BERLUSCONI DAL PALCO: SBERLE AL COLLE E GAFFE SULLA SARDEGNA
A CAGLIARI PER UN COMIZIO, BERLUSCONI ATTACCA NAPOLITANO: “NON LO RIVOTEREI, FU COMPLICE NEL COLPO DI STATO CONTRO DI ME”… POI UNA SERIE DI GAFFE
Il vecchio marpione torna sulla pista — due mesi dopo la decadenza — ma dei suoi vecchi numeri di successo non gliene riesce nemmeno uno.
I duemila tifosi irriducibili che lo aspettano per oltre due ore alla Fiera di Cagliari – ingannando l’attesa con le prove dei cori e dei calorosi applausi per la degna accoglienza — vengono travolti da una raffica di gaffe che stringono il cuore anche al più spietato antiberlusconiano.
Per non parlare dello scivolone prettamente politico: non si sa se per calcolo o per distrazione, B. molla uno schiaffone a Giorgio Napolitano, dicendo a chiare lettere, in un’intervista pomeridiana alla tv cagliaritana Videolina, che oggi non lo rivoterebbe.
Poi spiega: “La storia giudicherà quella che è stata la parte del presidente della Repubblica in questo colpo di Stato del 2011, che è stato lungamente preparato a partire dal 2010 e anche per quanto riguarda l’ultimo, altrettanto negativo colpo di Stato, quello di condannare ingiustamente, con una sentenza lontana dal vero e scandalosa, il leader del centrodestra”.

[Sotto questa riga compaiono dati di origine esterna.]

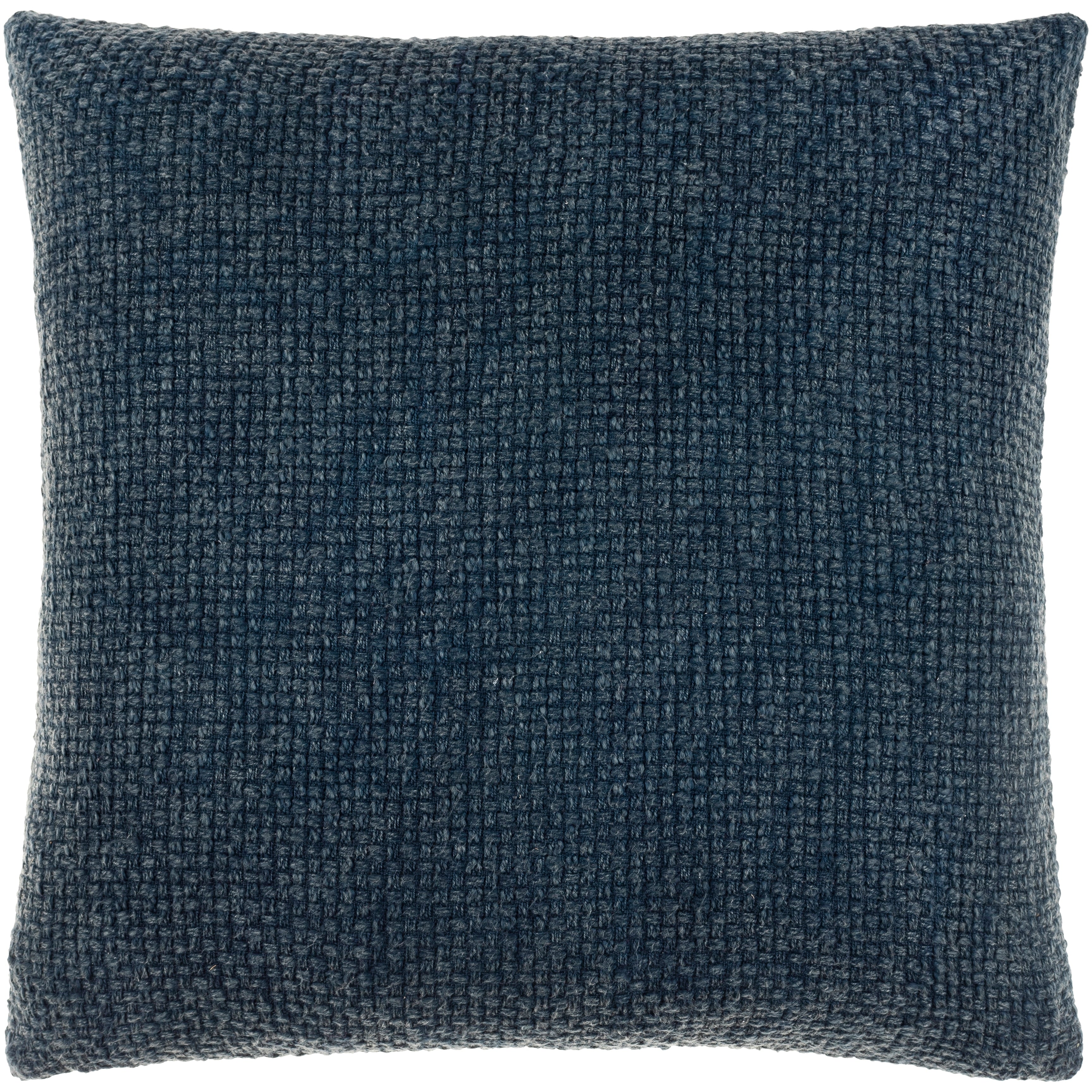 Livabliss Terry Farmhouse Textured Cozy Throw Pillow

Il presunto colpo di Stato del 2011 (con la nascita del governo Monti) avviene però un anno e mezzo prima della decisione di B. di rieleggere Napolitano.

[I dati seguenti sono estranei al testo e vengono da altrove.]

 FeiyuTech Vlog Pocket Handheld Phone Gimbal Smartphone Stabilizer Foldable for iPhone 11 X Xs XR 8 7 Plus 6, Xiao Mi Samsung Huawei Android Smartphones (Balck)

E la riapertura delle ostilità — condita con l’accusa al Colle di aver interferito nella trattativa con Matteo Renzi sulla nuova legge elettorale per aiutare i “partitini” a ottenere l’innalzamento dal 35 al 37 per cento della soglia per il premio di maggioranza — mette in imbarazzo il leader del Pd, Matteo Renzi, strenuamente impegnato nella rilegittimazione di B.
Il fatto è che la domanda delle domande (“ci fa o ci è?”) non attraversa solo le attonite schiere renziane ma anche la platea dei suoi ultras cagliaritani.
La cui pazienza è stata messa a dura prova da oltre due ore di attesa seguite da 75 minuti di discorso monocorde che si è concluso alle 14,40, ma anche dagli infortuni del capo.
È bastato il primo a stendere sulla platea un gelo irrimediabile.
Per giustificare le due ore di ritardo B. dà la colpa alla Capitale alluvionata: “Oggi Roma sembrava la Sardegna, ho impiegato più di un’ora per raggiungere l’aeroporto di Fiumicino”.
Poi umilia il presunto astro nascente di Forza Italia presentandolo per quello che è, un illustre sconosciuto: “Si chiama Giovanni Toti, dai, alzati, fatti vedere”.
Il poveretto, in platea, si tira in piedi per salutare con qualche imbarazzo la folla festante, quando il capo gli dà il colpo di grazia, giusto per rassicurare i maggiorenti del partito ingelositi dal nuovo pupillo: “Io non rottamo nessuno. Toti è solo uno che ha rinunciato a uno stipendio altissimo in Mediaset per venire a collaborare con me. L’ha fatto per amor mio, ma voglio precisare che non siamo due gay”.
Il governatore sardo Ugo Cappellacci, in piedi accanto a B., ma giù dalla pedana per attenuare quei trenta centimetri di statura che li separano, sente il bisogno irrefreneabile di dire la prima frase della giornata: “Non avevo dubbi”.
E mentre il Toti, frantumato dalla presentazione, esce rapido dalla sala per andare ad accendersi una sigaretta , il Cappellacci non sa che, a dispetto del tempestivo omaggio alla virilità del capo, adesso tocca a lui.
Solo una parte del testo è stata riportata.